Required work:
In the data below, which lines hold "good"? Copy every one.

Exercise input:

********************

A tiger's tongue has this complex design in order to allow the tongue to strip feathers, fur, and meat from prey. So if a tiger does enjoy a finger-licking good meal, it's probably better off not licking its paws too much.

********************

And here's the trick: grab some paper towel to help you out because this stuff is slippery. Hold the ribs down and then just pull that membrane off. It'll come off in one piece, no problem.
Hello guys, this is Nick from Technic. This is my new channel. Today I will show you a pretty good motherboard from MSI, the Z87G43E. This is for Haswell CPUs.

********************

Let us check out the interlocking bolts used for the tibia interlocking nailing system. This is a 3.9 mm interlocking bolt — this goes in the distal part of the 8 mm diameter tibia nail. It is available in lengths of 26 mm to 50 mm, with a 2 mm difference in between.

********************

Solution to the exercise:
A tiger's tongue has this complex design in order to allow the tongue to strip feathers, fur, and meat from prey. So if a tiger does enjoy a finger-licking good meal, it's probably better off not licking its paws too much.
Hello guys, this is Nick from Technic. This is my new channel. Today I will show you a pretty good motherboard from MSI, the Z87G43E. This is for Haswell CPUs.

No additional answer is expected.